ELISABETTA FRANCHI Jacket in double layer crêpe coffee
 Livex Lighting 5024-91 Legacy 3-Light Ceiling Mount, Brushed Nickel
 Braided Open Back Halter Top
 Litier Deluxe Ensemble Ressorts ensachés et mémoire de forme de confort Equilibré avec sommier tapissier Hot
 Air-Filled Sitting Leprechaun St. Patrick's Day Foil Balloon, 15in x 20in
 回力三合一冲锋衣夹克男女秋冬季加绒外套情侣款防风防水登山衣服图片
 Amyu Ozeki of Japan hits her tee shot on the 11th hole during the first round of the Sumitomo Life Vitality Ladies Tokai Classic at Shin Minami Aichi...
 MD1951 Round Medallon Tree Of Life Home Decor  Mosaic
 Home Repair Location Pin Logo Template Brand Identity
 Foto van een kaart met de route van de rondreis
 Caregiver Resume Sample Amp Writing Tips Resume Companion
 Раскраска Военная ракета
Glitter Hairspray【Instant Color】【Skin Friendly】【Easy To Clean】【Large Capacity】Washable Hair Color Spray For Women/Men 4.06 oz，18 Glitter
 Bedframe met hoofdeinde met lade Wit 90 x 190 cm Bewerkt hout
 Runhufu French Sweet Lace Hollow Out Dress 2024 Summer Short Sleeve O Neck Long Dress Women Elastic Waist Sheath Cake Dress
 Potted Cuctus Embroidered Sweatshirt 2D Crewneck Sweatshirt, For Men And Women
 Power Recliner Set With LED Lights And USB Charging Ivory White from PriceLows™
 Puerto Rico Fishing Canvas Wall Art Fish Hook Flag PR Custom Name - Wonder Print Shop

• What you are asked to do
Everything from the line containing "Power Recliner Set" through the last line of the listing must be reproduced exactly, and no other line.

• Result of this task
 Power Recliner Set With LED Lights And USB Charging Ivory White from PriceLows™
 Puerto Rico Fishing Canvas Wall Art Fish Hook Flag PR Custom Name - Wonder Print Shop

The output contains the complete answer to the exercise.